The room to my left is furnished only by a large armchair and a TV set that sits on a dilapidated stand next to the window. The chair has a stained hand towel draped around its armrest. Surrounding it is an archipelago of carer’s paraphernalia: diapers and diaper cream, baby wipes and talc, bandages, gels, towels, a feeding bottle, moisturiser, cotton balls. The chair retains the indentations of many hours of use.
Through the window of the living room in front of us, I can see a neighbouring block. Its lintels and windowsills are painted in confectionary pink, its doors and archways in baby blue. Veins of cracks run down the façade, leaking onto the pavement, running into potholes in the driveway, where an elderly woman beats the dust out of a suspended rug. Vasily, spent, beckons us forward. We step inside the living room and he motions to the sofa. Sasha is resting there.

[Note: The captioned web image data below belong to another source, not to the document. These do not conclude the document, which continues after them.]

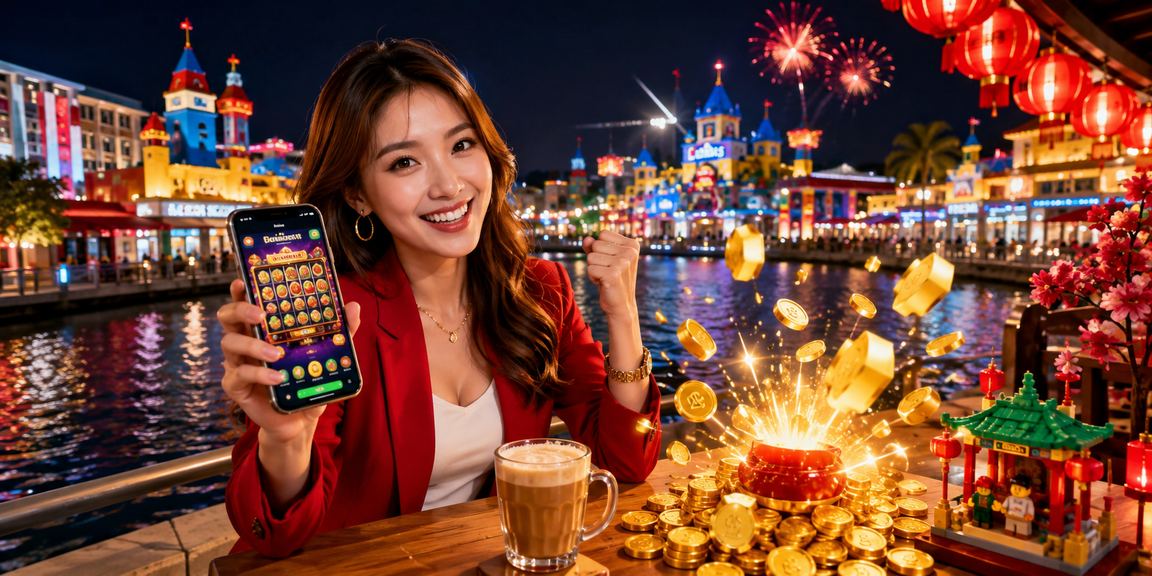 Aplikasi pertaruhan Malaysia dengan paparan jadual bola sepak dan odds langsung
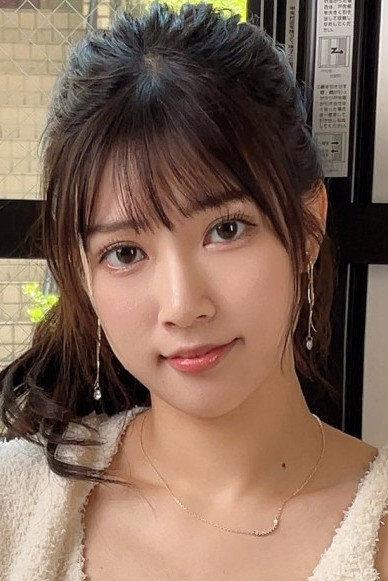 宮城りえ fotoğraf 6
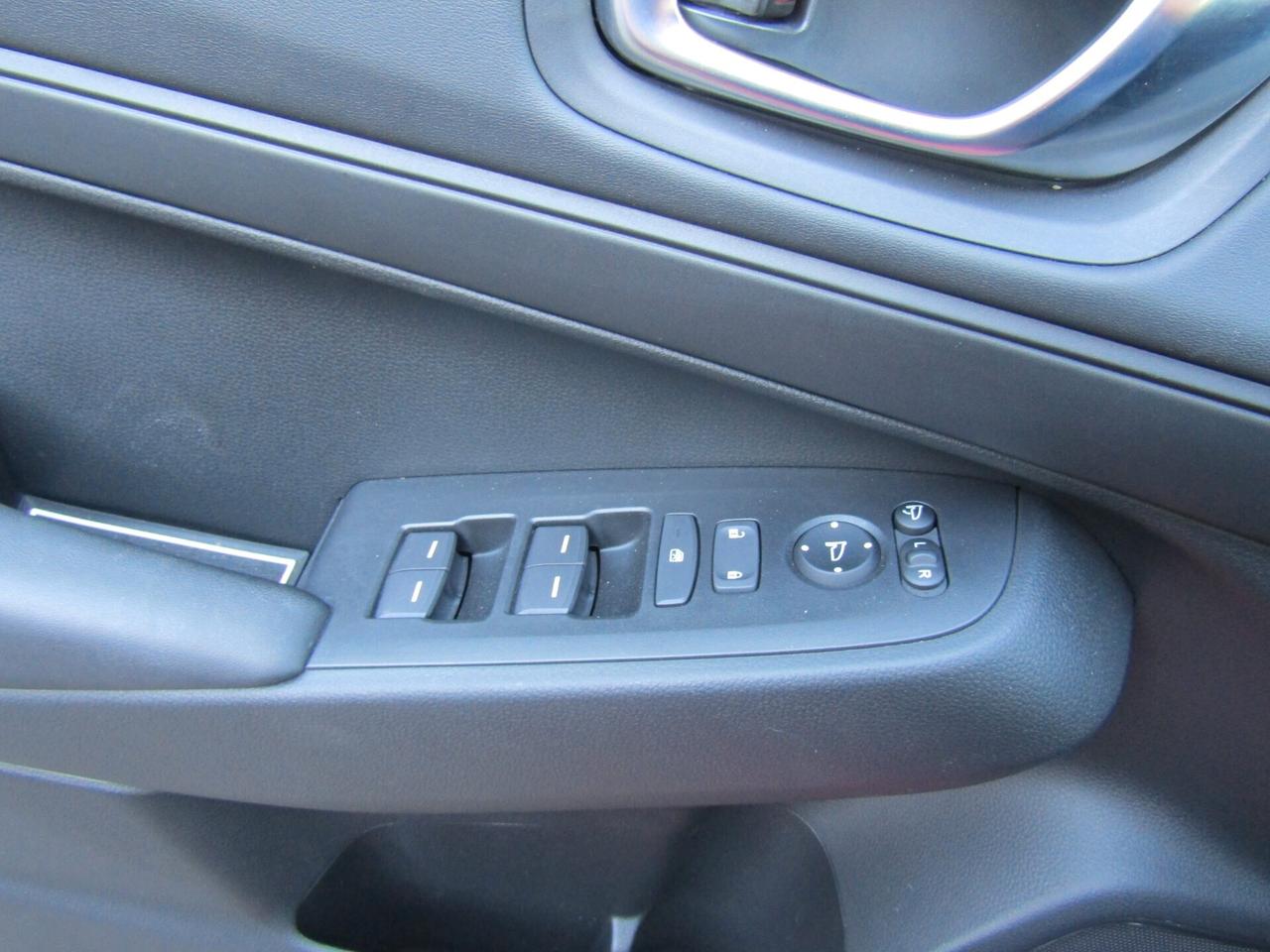 Honda HR-V 1.5 107CV "32.000 km" FULL Hybrid, Carplay, Telec.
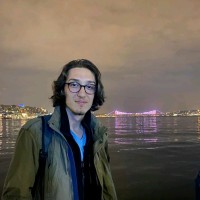 Muhammed Yasir Doğdu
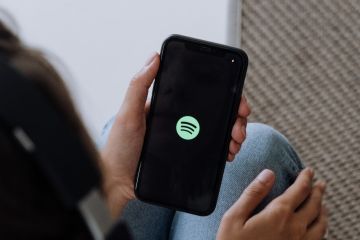 Spotify hadirkan fitur pemutaran video musik, tersedia di Indonesia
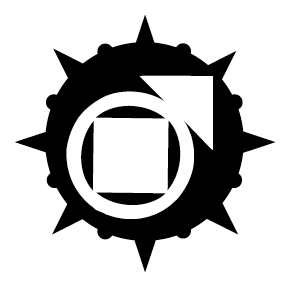 iconclantremereanti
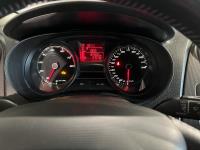 Seat | Ibiza | 1.2 Style | 2012 | 164.002 km | SJ169F | Geen oordeel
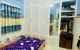 thum-9091227_EoU5bDG0RT_1697473278.jpg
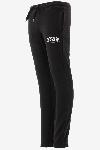 Jack&Jones Sweatpants KANE 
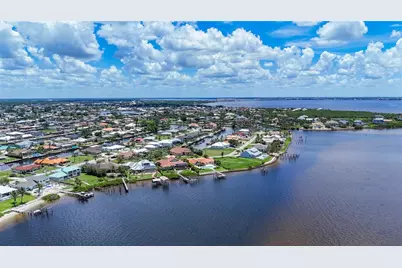 119 Creek Drive SE, Port Charlotte, FL 33952 - Photo 86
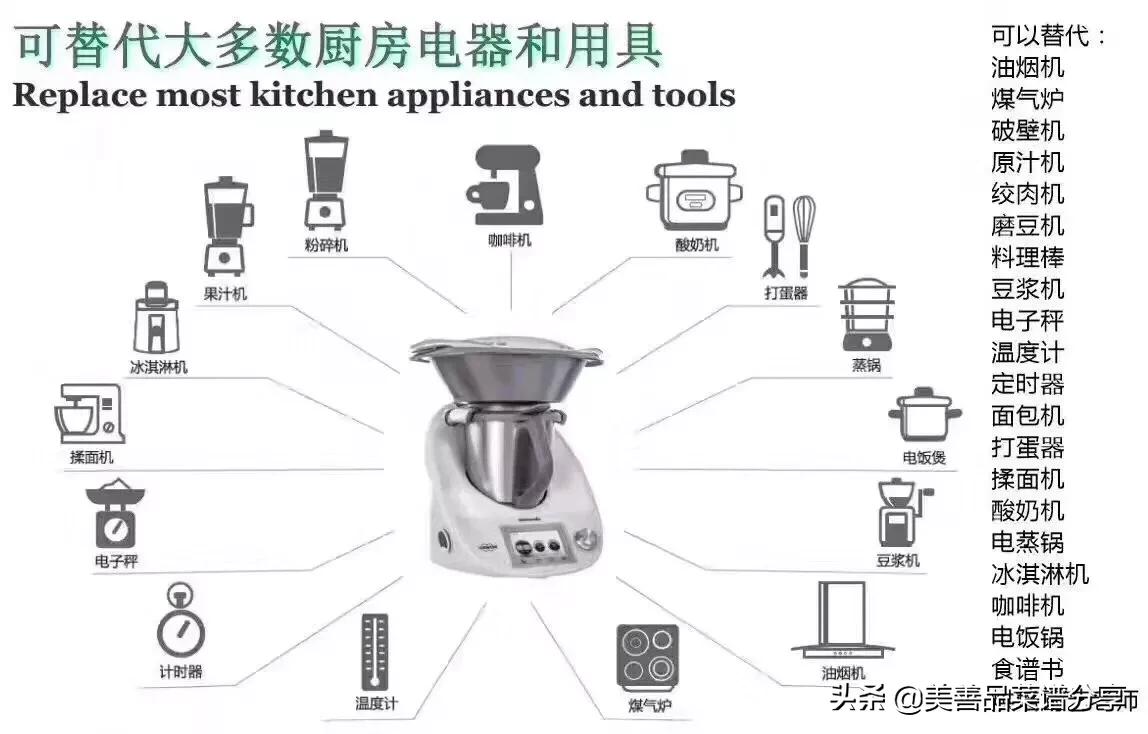 美善品到底是什么意思,什么是美善的恩赐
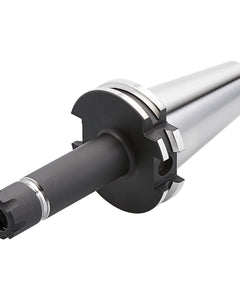 Collection image for: Mandrin à pinces pour pinces ER Mini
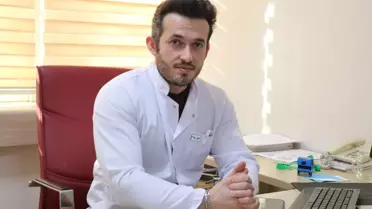 Siirt'te Kar Erozyonu: 706 Düşme Vakası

The sofa is a two-seater, but there is still ample room for her to lie outstretched upon it. She faces the wall. The outline of her body can be clearly seen through the tightly wrapped blanket covering her. She has the body of a six-year-old. A short, frail frame; without contours. Her head generates a response of shock and pity. Sasha is hydrocephalic, a congenital condition that caused her head to swell to grotesque proportions. Weighing twenty pounds, it is almost the size of her upper body and shaped like a speech bubble; an enormous dome tapering off into a slender chin. She lies in a foetal position, each breath a struggle, her inhalations catching in her sinuses. She is almost hairless, a light down covers her skull, which is pockmarked with large, seeping calluses. Vasily has treated them carefully with white antiseptic powder to soak up and quell the irritation. A bandage is wrapped from her forehead around to the back of her crown to catch any discharge. She is blind and vulnerable as a newborn. The sofa is not a temporary resting place, it is her bed. On a normal day, Vasily cradles her in the armchair and at night lays her here, then unrolls a mattress onto the ground next to her, where he settles down for the night, reaching up to place a hand of reassurance on her body.
Sasha’s and Vasily’s lives have changed only minimally since her mother left. Vasily has the option of admitting Sasha to an orphanage, but he refuses to do so. Neglect there is assured. In these institutions even the official documentation refers to congenitally deformed children as imbeciles and retards. Despite their numbers, they are not considered part of the general population. Stories of sexual abuse in orphanages—even amongst the most stricken cases—are rife.